Eliza Cava, Renewable Energy & Wildlife Conservation Associate
A basic tenet of Defenders’ work on renewable energy is that we try to balance the long-term benefits of renewable energy with its immediate impacts on wildlife, like habitat loss from large-scale solar development and the potential for bird and bat strikes from poorly-placed wind turbines. That’s why our work is all about minimizing the impacts of energy use as we try to work out the best deal possible for wildlife while promoting the renewable energy we need as a society.
And that’s why I get so excited when we find win-win opportunities to develop renewable energy without harming wildlife—by developing solar, wind, geothermal, and biomass facilities on landfills, hazardous waste sites, abandoned mine fields, and other disturbed and degraded lands that may not be valuable as wildlife habitat. We incorporate this concept into much of our renewable energy work, including the Restoration Design Energy Project in Arizona, which is searching for disturbed public and private lands that can be used for wind and solar development. We use a similar approach with our advocacy for projects on degraded farm fields, like 8minutenergy’s Mt. Signal and Calexico I & II solar power plants in California’s Imperial Valley.
The EPA, with its REPowering America’s Lands program, is working steadily to help communities across the country join us in using this concept to guide renewable energy development to those places best suited for it.
So far, the program has inventoried and mapped thousands of potentially contaminated land and mine sites across the country — sites that do not make for good wildlife habitat — and estimated their renewable energy potential. They have also produced best practice reports and handbooks on siting renewable energy projects on these types of lands; published solar and wind decision trees [PDFs] to help planning organizations determine the best potential locations for renewable energy on degraded lands in their communities; and helped property owners and communities understand liability concerns and redevelopment options for these sites. They have analyzed both the technical potential for renewable energy development and the more realistic potential for development in states that have Renewable Portfolio Standards(requirements that renewable energy make up a certain percentage of the state’s energy consumption) to drive demand. The campaign has
looked across many types of renewable energy: both utility- and community-scale wind, off-grid wind and solar, concentrating and photovoltaic solar, biopower, various geothermal technologies, and landfill gas. And in California, the program has developed priority lists and maps of the top 75 of over 11,000 tracked sites in the state, providing a road map to the best places for producing lots of wildlife-friendly renewable energy.

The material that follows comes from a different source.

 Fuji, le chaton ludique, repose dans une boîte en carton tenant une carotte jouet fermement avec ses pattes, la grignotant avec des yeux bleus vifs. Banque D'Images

We recognize that we won’t be able to meet all of our nation’s tremendous energy needs from capped landfills alone. However, every little bit helps, and in many places these projects provide good economic returns without risk to wildlife or local communities. In fact, that’s why Defenders, through our California office, will be working with the EPA during the next couple of months to figure out how we can apply the REPowering America database and siting recommendations to the California Desert Renewable Energy Conservation Plan (DRECP). We hope that southern California’s contaminated and disturbed lands can make a big contribution to meeting the state’s energy needs for the coming decades without putting wildlife and wild lands at risk.
From my perspective, finding the right places to put renewable energy development is one of the most important things we can do for ourselves, our future, and our country’s wildlife. We need an enormous amount of renewable energy to combat climate change, which coupled with habitat loss is the single biggest long-term threat to wildlife and biodiversity. Taking places that we’ve already damaged and putting wind, solar, geothermal, and biogas plants there instead of in healthy habitats is a true win for wildlife.